Questions about JMDict and Bunpro's database

Edgar-BP · November 30, 2024, 5:41am

Sorry if this isn’t the right place to ask, but I’m going to ask here since it’s for “everything related to Bunpro”. This question is mainly for the staff (and any programmer with good ideas).

For a small SRS project of mine I am trying to import the JMDict dataset into my SQL database for the same purpose as Bunpro is already doing: vocab lessons and reviews.
Since Bunpro’s implementation seems quite good, I wanted to know how the dataset is stored, rather than doing my own wobbly implementation from scratch.

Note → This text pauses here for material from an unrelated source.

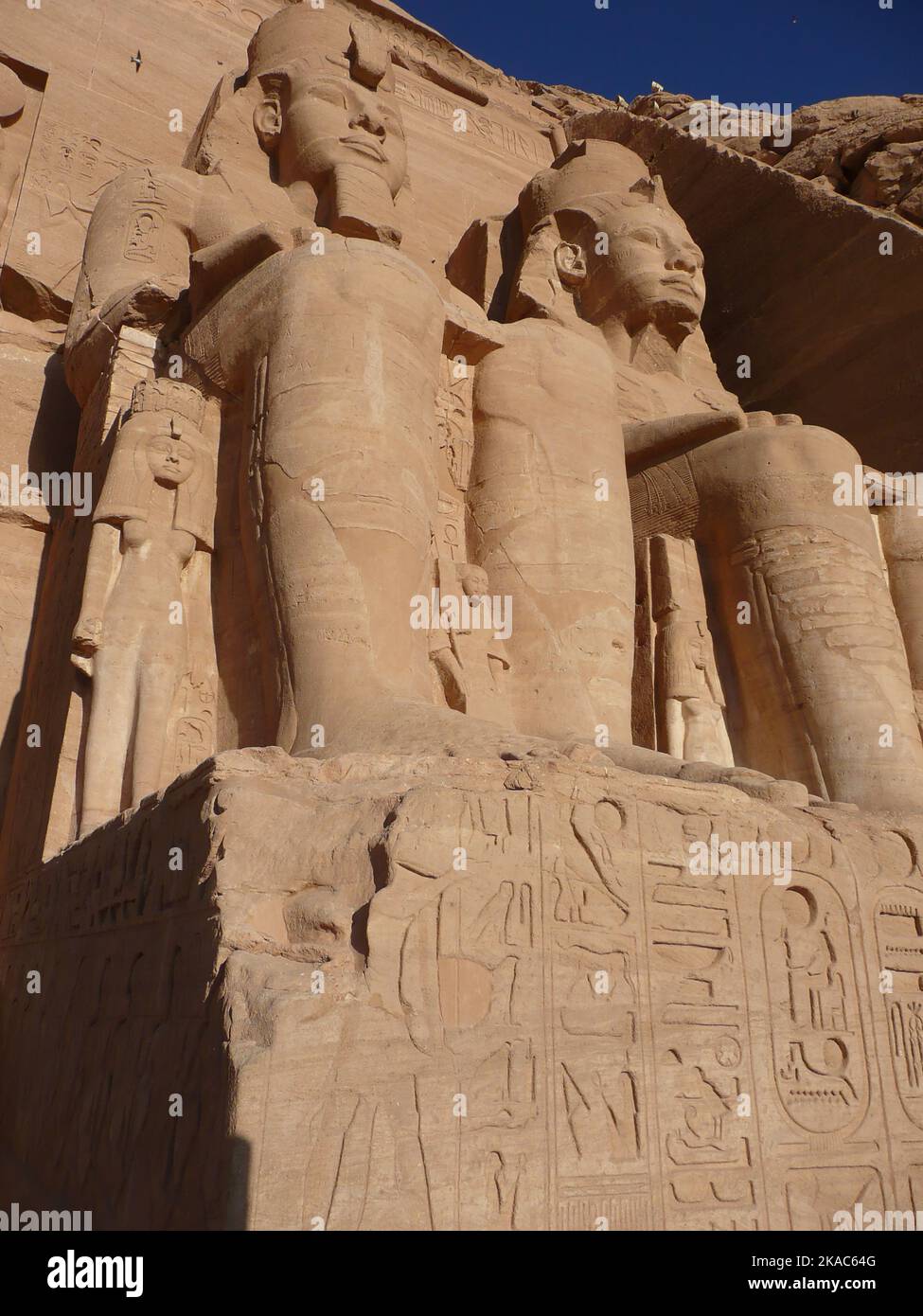 Abu Simbel es un emplazamiento de inter s arqueol gico que se compone de templos egipcios ubicado en Nubia, al sur de Egipto. Est localizado en la rib Stock Photo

My current implementation would be a vocab entry with kanji forms, kana forms and senses as foreign relations, to follow the structure of the dataset as much as I can.

So my questions are:

What kind of database is Bunpro using? (postgresql, mongodb…)
How is the dataset implemented in the db?
Does Bunpro regularly updates its JMDict data?

Thank you in advance!

veritas_nz · November 30, 2024, 7:18am

Hi there!

Thanks for the question.

We have Vocab as its own table in our Postgres DB.
On each Vocab, there is a field called jmdict_id and jmdict_data.

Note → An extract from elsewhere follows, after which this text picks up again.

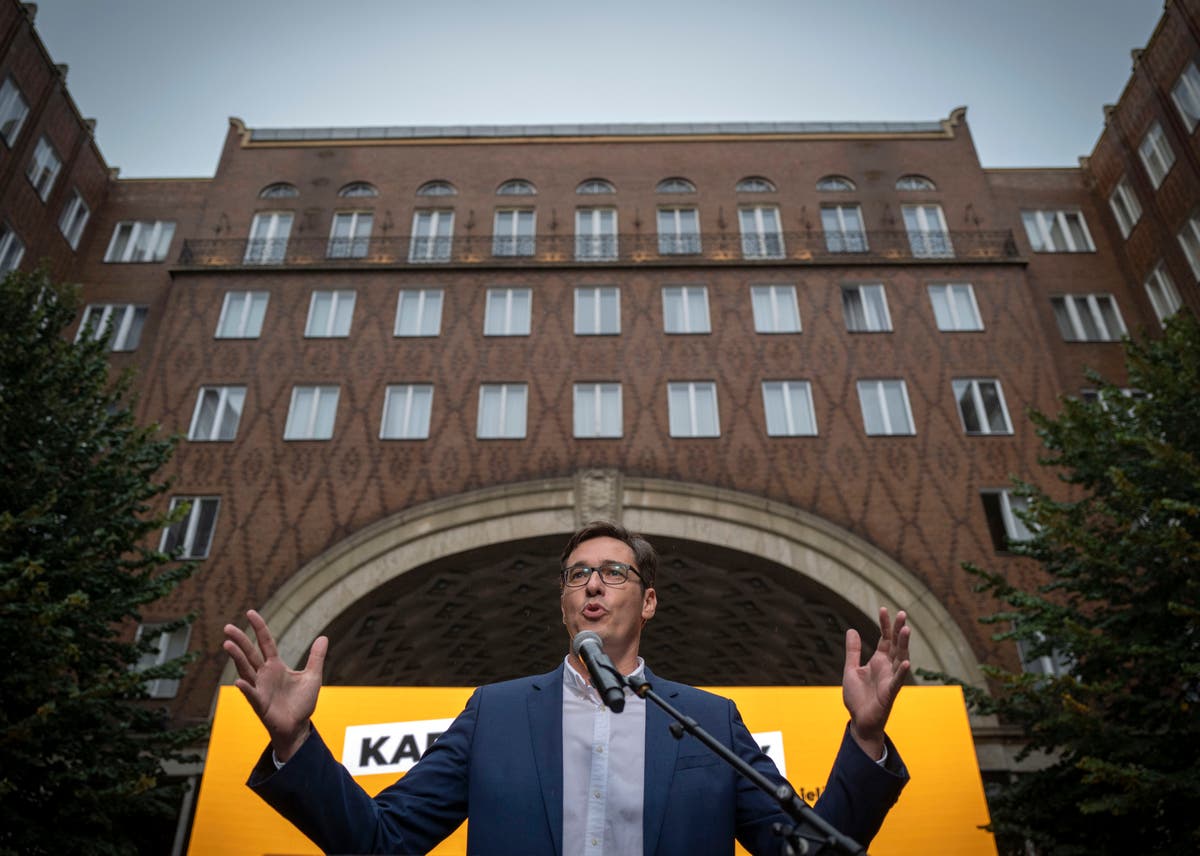 Hungary: Budapest mayor pulls out of opposition primary race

We store the JMDict data as an object directly on jmdict_data..
The formatting for that comes from this 3rd party project.

This allows us to have clearly structured JMDict Word objects that we can parse, all while using their Typescript type definitions .

We regularly update the DB using their releases.

TLDR: we don’t really implement the JMDict data in its own tables, but rather just tack on each Word into a field on our existing database.